The new requirements of the British Canoe Union—in which Jon and many of my other sea kayaking buddies are coaches—require competency in multiple paddling craft and environments. Longtime sea kayakers had to cut their paddles in half and start kneeling in open boats on rivers.

Jon loves it, he’s addicted to half a paddle and boats that fill up with water when you crash through waves. He now has six canoes outnum- bering his kayak fleet.

So I did what anyone would in my situation—complain. Why does coaching sea kayaking require knowing how to canoe?

Of course, there are plenty of good reasons. Coaching means working with other sports in a student’s history, and canoeing is a common one. Coaches employ a variety of techniques to provide feedback to learners: using half a paddle is very effective. I’ve been in tight rock gardens where

I could only paddle on one side of my kayak anyway.

I stopped whining about my lack of partners for sea kayak adventures, dusted off my ancient whitewater kayak (two knee surgeries make kneeling in a canoe impossible), and joined them on the river.

“For every kayaker who starts canoeing, a canoeist must start kayaking.”

Soon I was hooked. Half an hour from home, the water was clear and clean, and the current pushed us along from one play spot to another. I upgraded my whitewater kayak and went on a seven-day river trip with my now kayaker-canoeist buddies. We didn’t once have to wake up at 5 a.m. to catch an inconveniently scheduled tidal current.

Then something even cooler happened. Suddenly, new river-rat friends wanted to go sea kayaking. Diehards from the single blade scene bought NDK Explorers and asked me about trips in British Columbia and Alaska. It was as if there was some Newtonian Law of Conservation of Paddlesports Disciplines I’d missed in high school physics, where for every kayaker who starts canoeing, a canoeist must start kayaking.

That also makes sense. When sea kayak coaches started canoeing, whitewater open boaters suddenly found themselves sharing eddies and shuttles with sponsored, 5-star kayakers with some hefty trips under their belts. The allure was irresistible. The sea kayaking industry couldn’t have come up with a better way to expand their sport.

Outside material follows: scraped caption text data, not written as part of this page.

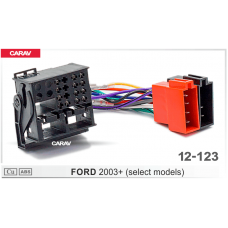 ISO - Переходник для магнитол (питание + акустика): CARAV 12-123: FORD 2003+ (select models) 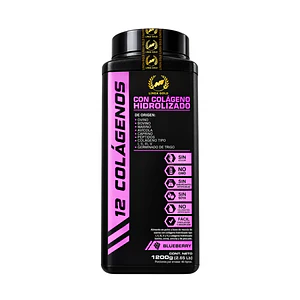 12 Colágenos Hidrolizado 1200 g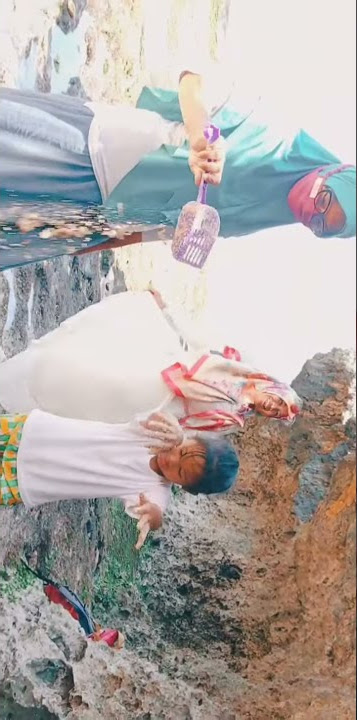 boomerang di pantai🤭
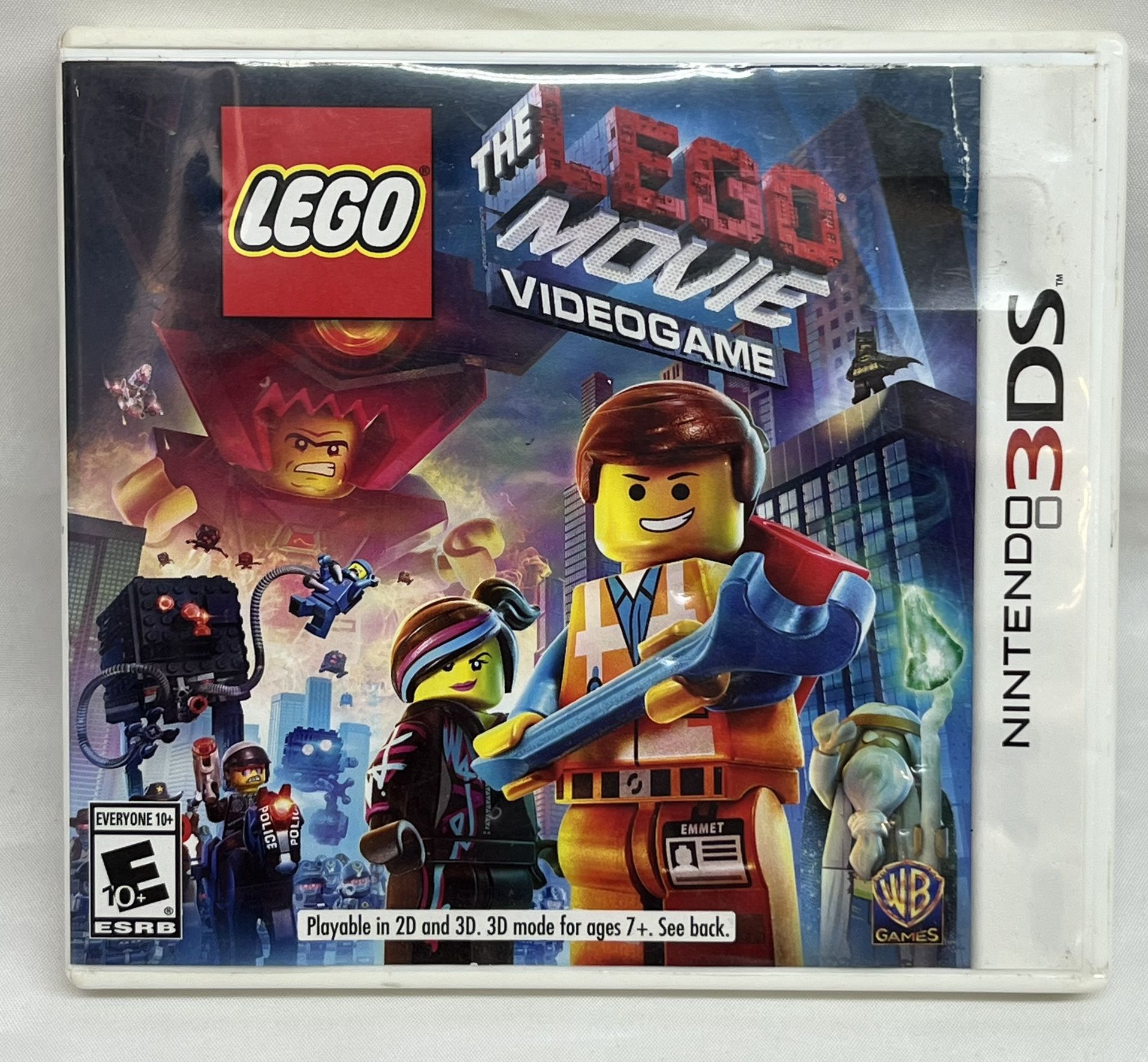 Nintendo 3DS The LEGO Movie Videogame Complete CIB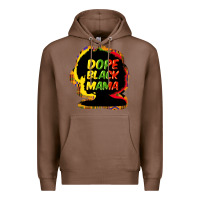 Chestnut Dope black mama Premium Hoodie - HowdyJamesFarm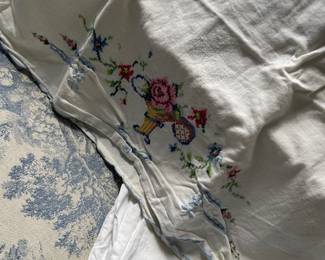 Pillowcases - $10 for both. 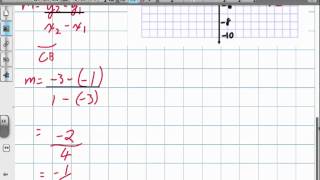 How to Use Slope to Prove Right Angle Triangles Grade 10 Academic Lesson 2 3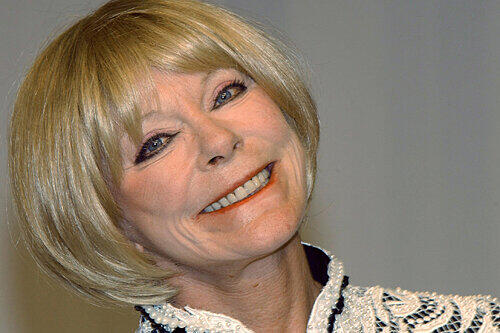 Schauspielstar aus Erlangen: Elke Sommer.
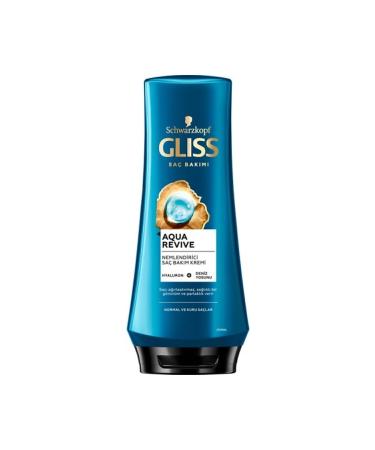 Gliss Aqua Revive Moisturizing Conditioner 360 ml - For normal and dry hair - Buy Online on GoSupps.com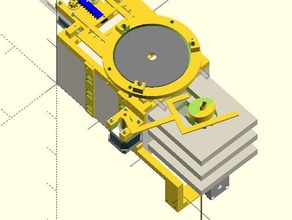 cddvd changer v3 robotics 3d print model - Mito3D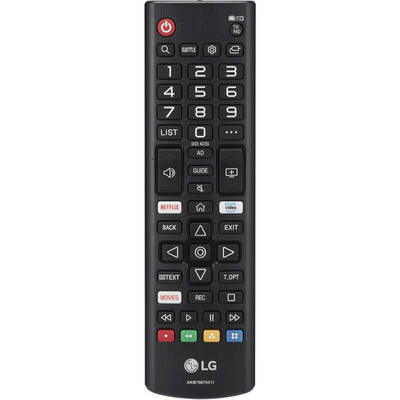 Televizor LG Smart TV 43UM7000PLA Seria M7000PLA 108cm negru 4K UHD HDR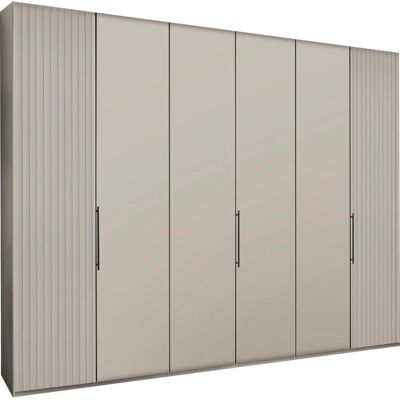 WIEMANN Denver Kleiderschrank - Beige (Champagner) - Drehtürenschrank WIEMANN Denver Kleiderschrank - Beige (Champagner) - Drehtürenschrank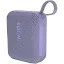 Boxa portabila rezistenta la apa, Boompods, 2610E18795, 5W, Wireless, 10.06x5x8.06 cm, Plastic, Violet Light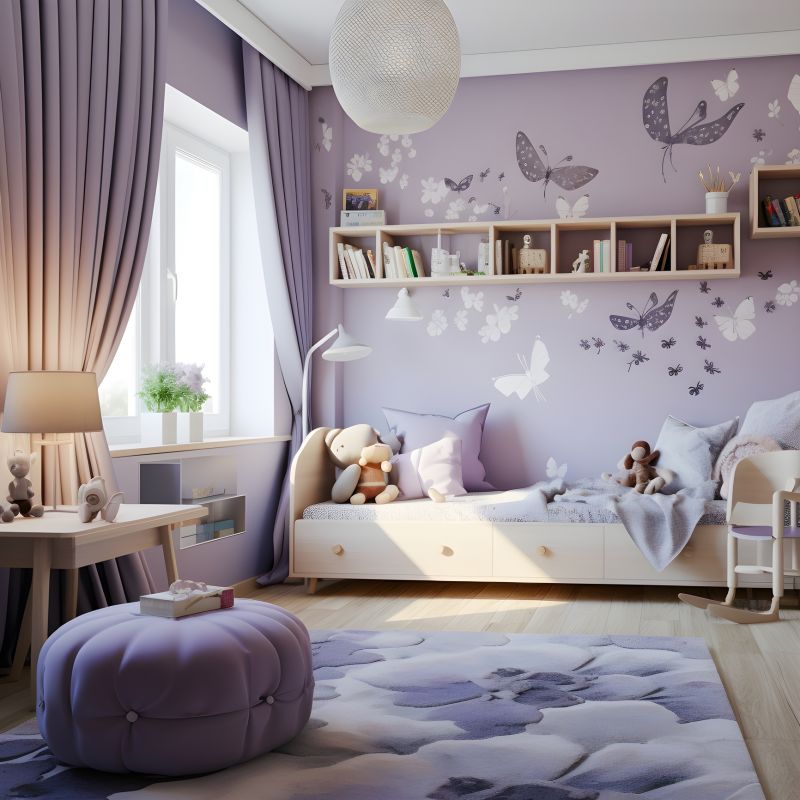 Nursery Wallpaper Installation in Denver, CO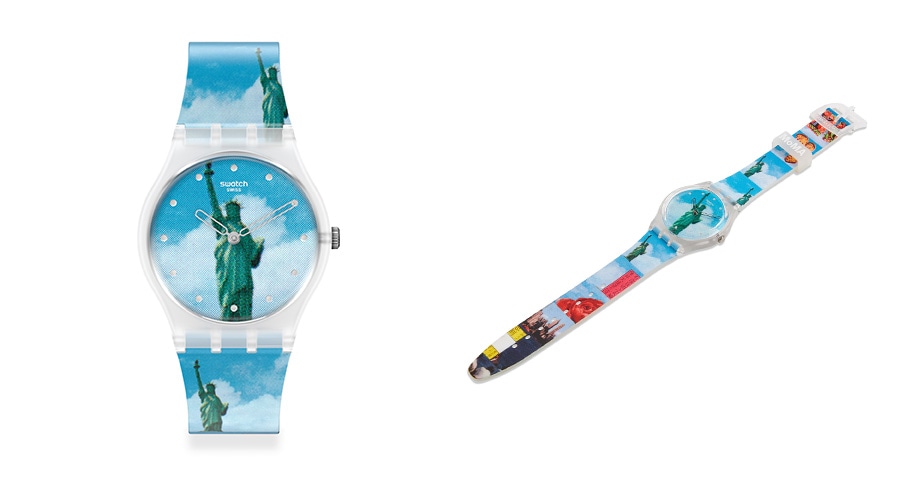 2ページ目)MoMAとSwatchのスペシャルコラボ♡ “あの名画”が「時計」に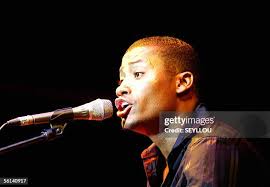 Manuel Lopes Andrade aka Tcheka of Cape Verde, winner of the RFI... News  Photo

Now I sea kayak with people who tell stories about open boating down the Grand Canyon. I recently watched a canoeist-turned-sea kayaker pull off a back ferry across Canoe Pass that his instructor couldn’t mimic. As the saying goes, “Advanced sea kayak strokes (like cross-bow jams) are basic canoe strokes.”

I see my old sea kayaking friends again. It’s anyone’s guess what kind of boats we’ll be paddling.

But these days Jon is really into poling—pushing his way upstream in a canoe with a 12-foot-long stick. I doubt that will catch on. It sounds kind of silly. 

Neil Schulman lives, writes, paddles, photographs and works in environmental conservation in Portland, Oregon. He owns four kayaks and no canoes…yet. 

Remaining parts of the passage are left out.